I have been seeing this guy since June. Its been pretty casual, as we are both recently divorced and not sure what we are ready for. We got along great, spent about 4 nights a week together, and really talked about everything...or so I thought! I knew he had some drug issues and didn't really drink. He even went to AA for awhile in September and tried to be sober.

I am not sober. I drink occassionally and we even did coke together 2 times in the last 6 months. His issue has always been pills, but since we werent "really" dating and I dont know much about addiction I didn't really push it. He would give me a xanax or another pill when I was super stressed and couldnt sleep.

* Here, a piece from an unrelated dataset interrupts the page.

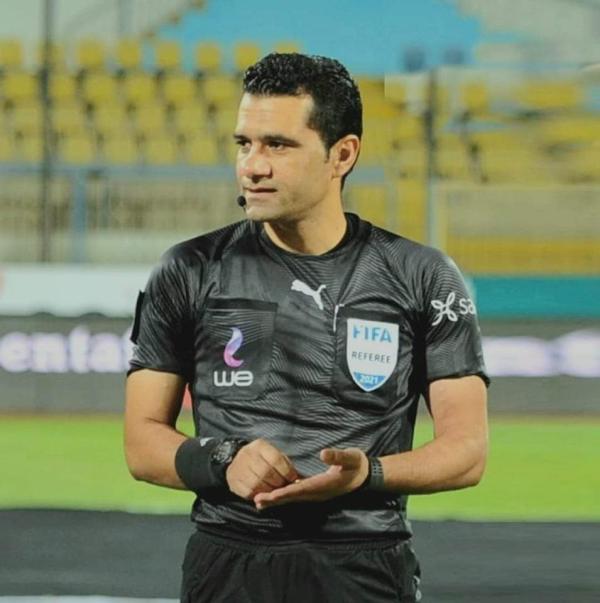 حكم مصري لقمة الأهلي والزمالك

Fast forward to thanksgiving day. We spent the day together, went to a movie. I wanted to leave in the evening, kinda wanted to be with a group of friends and have a glass of wine and some pumpkin pie. He was acting wierd and didnt want to be alone. So I stayed. This is where it turns to the worse thanksgiving ever. He had a seizure on me. I thought he was dead. Called the ambulance, went to the hospital. Thought he might have taken something, but wasnt sure.

He has no real family or friends other than a cousin, after about 3 hours at the hospital. His cousin came in told him he didnt want him to die and told him to get into rehab. I was a little surprised. I knew he had some issues, but they never seemed out of control (you know, before the whole, him almost dying on me...) I left to let them figure it out.

He called me a few hours later, said he was checking into a detox. that he was thankful i was there that i saved his life. he apologized for lying and treating me bad and understood if i didnt want to talk to him anymore. I told him this was all about him getting better who knew where we would be but that i was there for him and proud of him.

This rehab he is in, he can call me everyday, and i can call there. he keeps calling telling me how much he misses me. He was taking Norco, about 10 a day, and is now on suboxen (???) He says its good and he feels better, but has alot of work to do. He is hoping htey dont take his license away from the seizure so he can do an outpatient program.

I am going to see him today. my friends say i should run. i just feel bad, i care about him and he has no family. am i just being codependent?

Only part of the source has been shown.